いろにそめる(そまる)【〜色に染める(染まる)】[慣用句](補遺)
 ある興味対象に関して、支持したり没入したり偏愛したりする度合いが高くなること(またはそういう雰囲気で盛り上がること)を、染め物にたとえて言う慣用句。おそらく演歌の歌詞か、アダルトビデオのタイトルあたりから派生した用法だろう。例:「あなた色に染まりたい」「ボク色に染めてあげる」「歌手Aは、ライブ会場を見事にA色に染めた」。あんな野郎の色に染まってしまう自分を想像してほしい。最近目立つおかしな語法の中でも、とびっきり気色の悪い言葉であることは言うまでもない。まさに、身の毛もよだつ表現。

いん【韻】[名詞]
 一対の詩句について、その一部の音節(よく知られているのは最後の音節)の響きを似せることでリズムや風情を醸し出す詩作の技術。日本語は、語尾に来る言い回しがだいたい決まっているので、本来はわざわざ韻を踏む必要があまりない。例:「おっと子供はビールはいけません/喰わえタバコもやってはいけません」(拙作「プハプハ」より)。これでは風情もヘッタクレもないので、韻を踏みたい人は、主に倒置と省略を使ってわざわざ語順を変更した上で、その技を競うこともある。
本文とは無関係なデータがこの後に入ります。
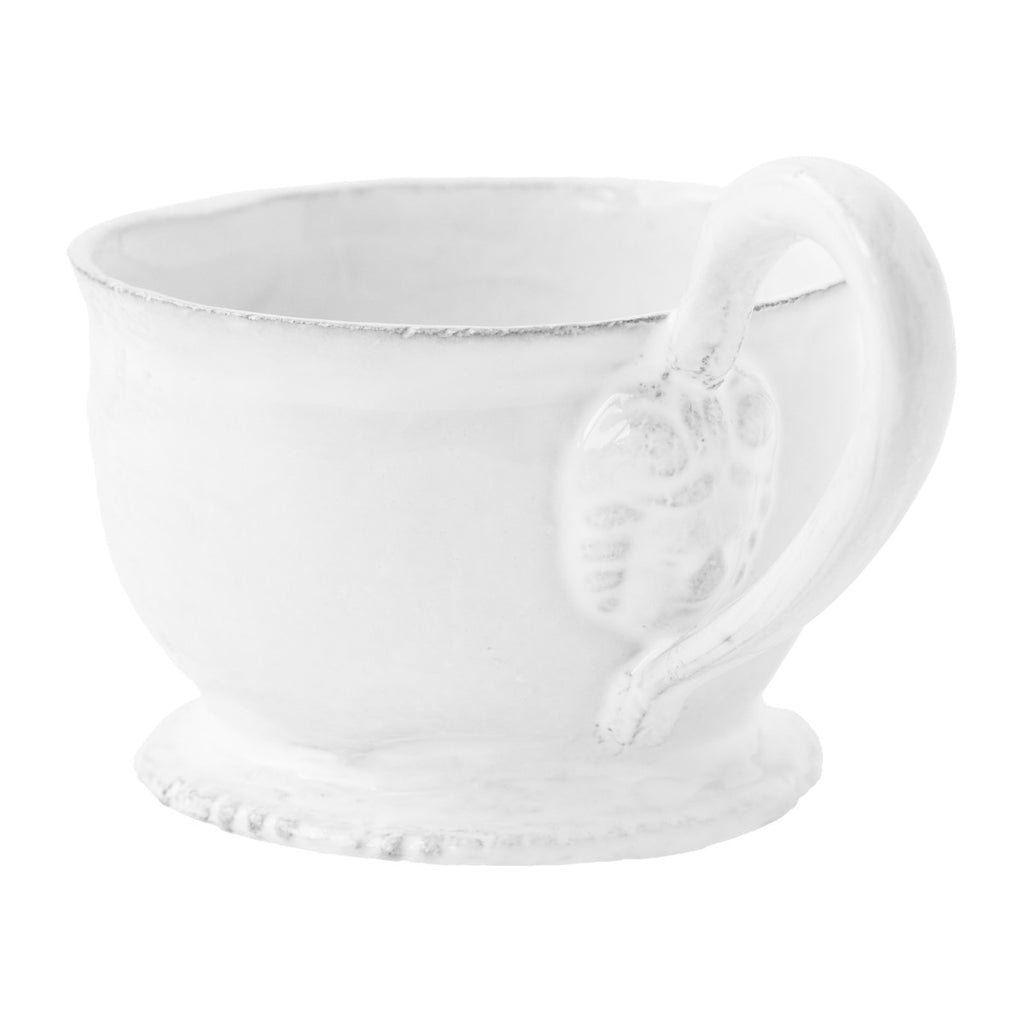 Alexandre Tea Cup - View 2
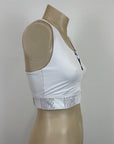 Hine Sports Bra - M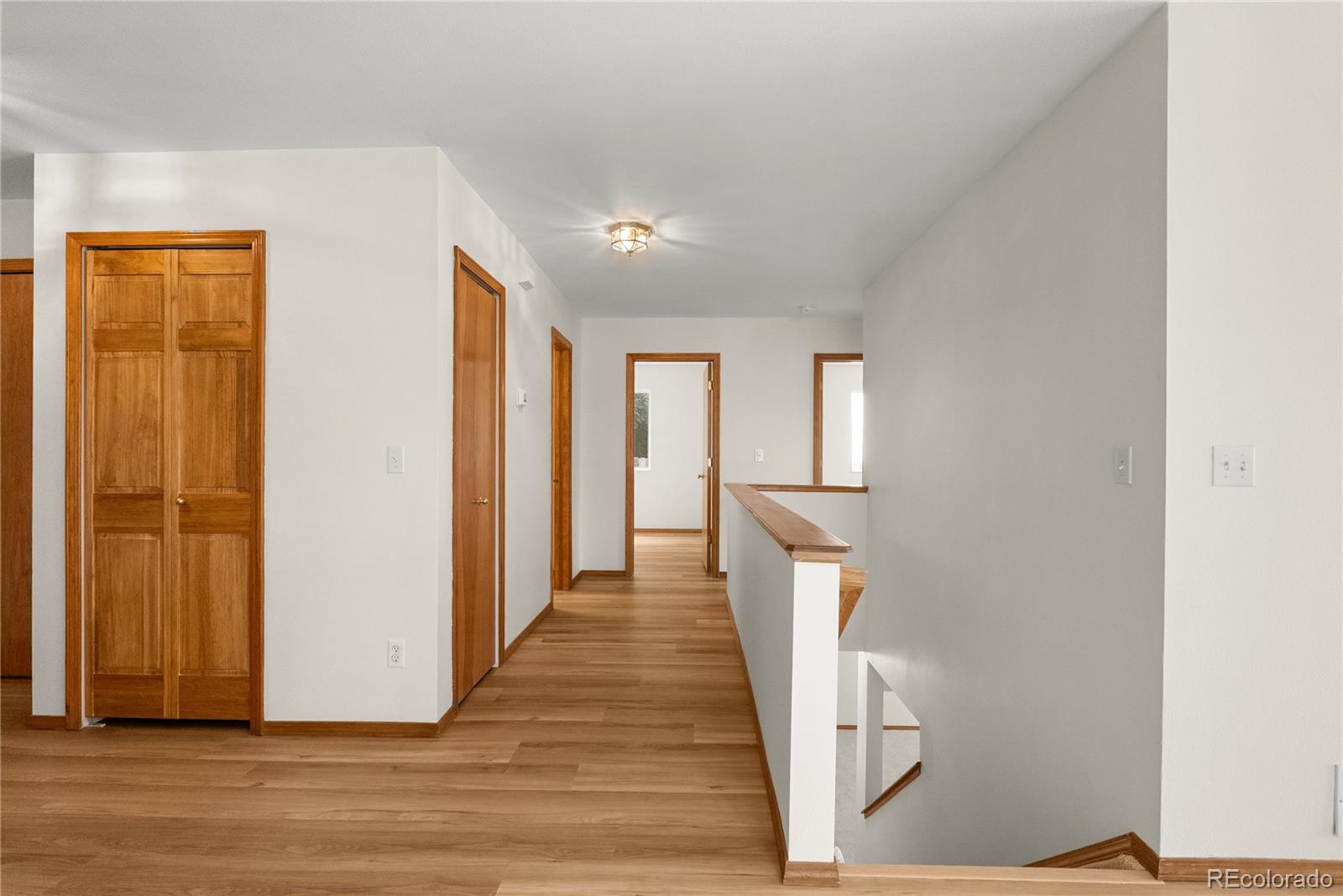 MLS Image #10 for 890  candlestar loop,fountain, Colorado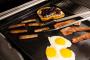 Broil King Baron / Crown Porcelain Finish Plancha - 11343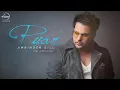 Download Lagu Keho j mod uthy Piyaar ly k aa gaya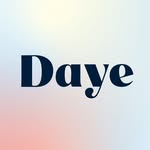 yourdaye profile picture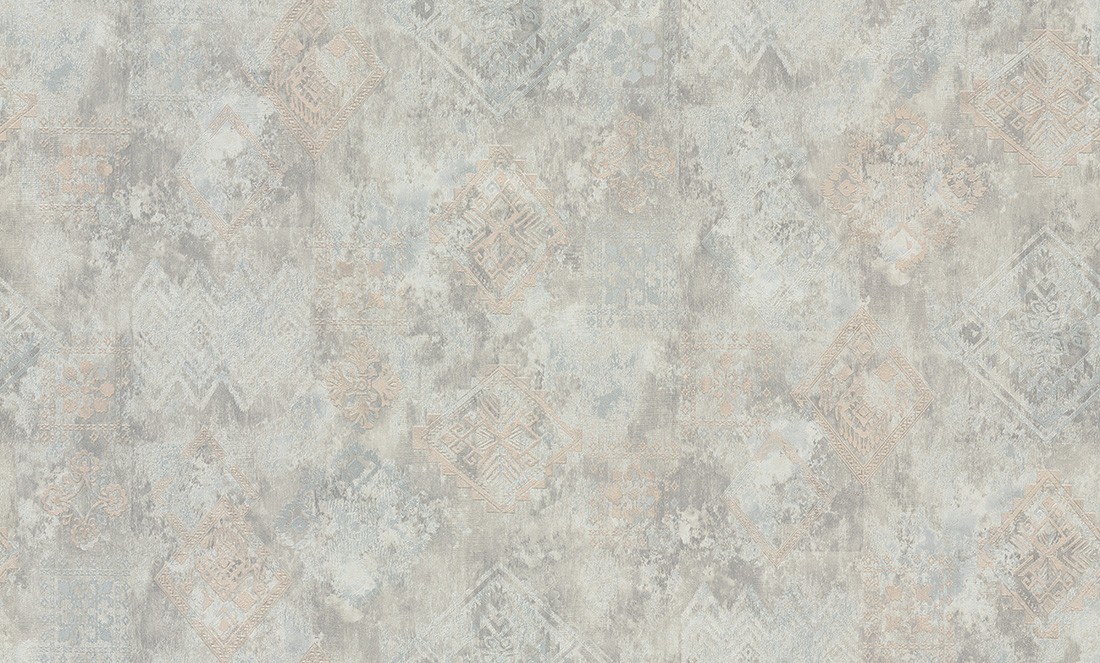 Обои Аспект 70706-56 Самира (6)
例:「兎追いし かの山」「小鮒釣りし かの川」(高野辰之作詞「故郷」より)。別に山が獲物を追うわけではないし、川が釣りをするわけでもないことに注意されたい。欧米・中国などの言葉は語尾が全く決まっていないため、韻を踏むのは特に意味のある作業。「韻を踏まない詩」というのは、気が利かなかったり、ルール無用であることを形容する悪口の一つですらある。ボブ・ディランの韻の踏み方は革新的、というかある時期ではアバンギャルドであった。私も、小粋な韻の踏める男になりたいものだ。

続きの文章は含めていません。